For this study, we selected hypospadias cases and controls that were recruited at birth in the maternity ward of the University Hospital in Rennes during the first 15 months of enrolment (between October 7, 2012 and January 6, 2014).

During the inclusion period, ~5,000 livebirths were recorded in the maternity ward. Cases (N = 11) consisted of male live births diagnosed with hypospadias on the first day of life by a pediatrician. They represented 69% (11/16) of the eligible children born in the maternity during the same period and diagnosed with hypospadias within the first day of life (before expelling the meconium).
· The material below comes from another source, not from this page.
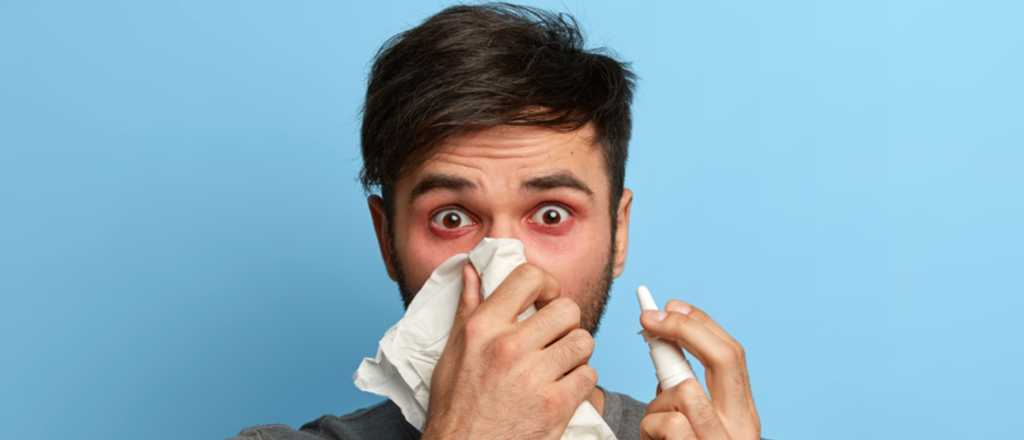 Más de cinco millones de argentinos conviven con rinitis alérgica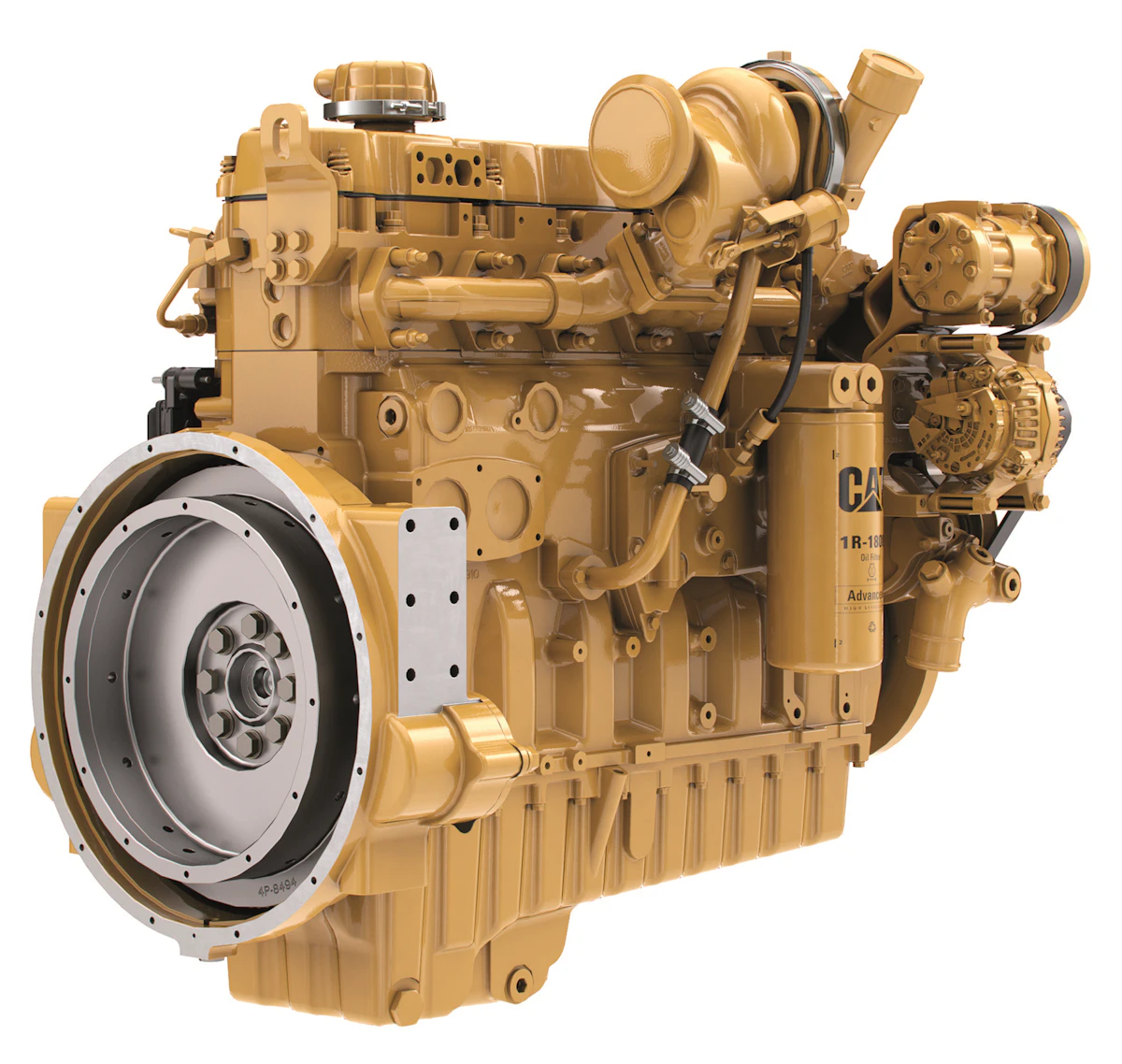 Cat C9.3B Industrial Engine From: Caterpillar Inc. - Industrial Engines ...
Hypospadias was defined as an abnormal location of the urethral orifice on the ventral surface of the penis and coded using the International Classification Disease 10 (ICD 10), following EUROCAT guidelines (21). This classification is based on the location of the ectopic meatus, i.e., balanic (Q540), penile (Q541), penoscrotal (Q542), or perineal (Q543). Hypospadias associated with chromosomal and genetic conditions was excluded. All cases were confirmed by a pediatric surgeon and included in the Brittany registry of congenital anomalies.

Controls (N = 47) consisted of male live birth controls of all PENEW cases (excluding those of syndromic and chromosomic cases) with available meconium analysis (N = 46) and delivered during the same time period. This enabled us to obtain a ratio of one case to four controls to maximize the power of the study.

Data Collection

During their stay in the maternity ward, the mothers completed a questionnaire after delivery that provided information on their medical history, tobacco exposure during pregnancy (maternal consumption and passive smoking), alcohol consumption, medication during pregnancy, food habits, and occupational and domestic exposure to a large number of environmental pollutants.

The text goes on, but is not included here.